** WHAT NEEDS TO BE DONE **
Look through the data below and work out how many lines hold "microfiber"; state only the number.

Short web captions
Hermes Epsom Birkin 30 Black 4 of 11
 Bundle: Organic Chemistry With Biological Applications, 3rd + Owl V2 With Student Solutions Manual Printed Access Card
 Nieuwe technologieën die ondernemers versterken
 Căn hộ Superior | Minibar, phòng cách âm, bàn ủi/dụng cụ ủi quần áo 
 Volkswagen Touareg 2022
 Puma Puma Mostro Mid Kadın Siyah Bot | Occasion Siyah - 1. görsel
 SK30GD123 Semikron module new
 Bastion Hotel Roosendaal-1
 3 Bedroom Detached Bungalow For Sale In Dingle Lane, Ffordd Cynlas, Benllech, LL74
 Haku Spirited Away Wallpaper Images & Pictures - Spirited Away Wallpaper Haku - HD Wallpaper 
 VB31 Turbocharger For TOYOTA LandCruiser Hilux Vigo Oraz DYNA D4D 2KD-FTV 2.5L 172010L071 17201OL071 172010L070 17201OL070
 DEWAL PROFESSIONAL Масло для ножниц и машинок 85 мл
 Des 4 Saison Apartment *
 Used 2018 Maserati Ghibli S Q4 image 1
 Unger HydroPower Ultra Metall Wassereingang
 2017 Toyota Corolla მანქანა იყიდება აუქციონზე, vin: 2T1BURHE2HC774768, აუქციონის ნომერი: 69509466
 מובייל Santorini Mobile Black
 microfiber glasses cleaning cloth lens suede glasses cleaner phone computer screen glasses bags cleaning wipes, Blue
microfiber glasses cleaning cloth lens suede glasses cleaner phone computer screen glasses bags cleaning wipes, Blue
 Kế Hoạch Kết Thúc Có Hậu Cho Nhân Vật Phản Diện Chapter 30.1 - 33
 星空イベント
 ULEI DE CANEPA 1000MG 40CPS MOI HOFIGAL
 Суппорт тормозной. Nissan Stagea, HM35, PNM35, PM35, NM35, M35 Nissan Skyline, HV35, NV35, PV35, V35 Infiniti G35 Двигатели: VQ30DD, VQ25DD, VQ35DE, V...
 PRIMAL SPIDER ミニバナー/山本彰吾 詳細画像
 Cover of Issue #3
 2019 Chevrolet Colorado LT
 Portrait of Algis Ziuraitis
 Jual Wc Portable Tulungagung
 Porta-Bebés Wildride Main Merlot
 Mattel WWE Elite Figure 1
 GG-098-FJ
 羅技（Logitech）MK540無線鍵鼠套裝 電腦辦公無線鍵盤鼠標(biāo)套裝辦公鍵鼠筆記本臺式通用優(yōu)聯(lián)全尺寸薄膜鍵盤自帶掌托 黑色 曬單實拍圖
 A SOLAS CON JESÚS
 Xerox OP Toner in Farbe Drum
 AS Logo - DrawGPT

** SOLUTION **
2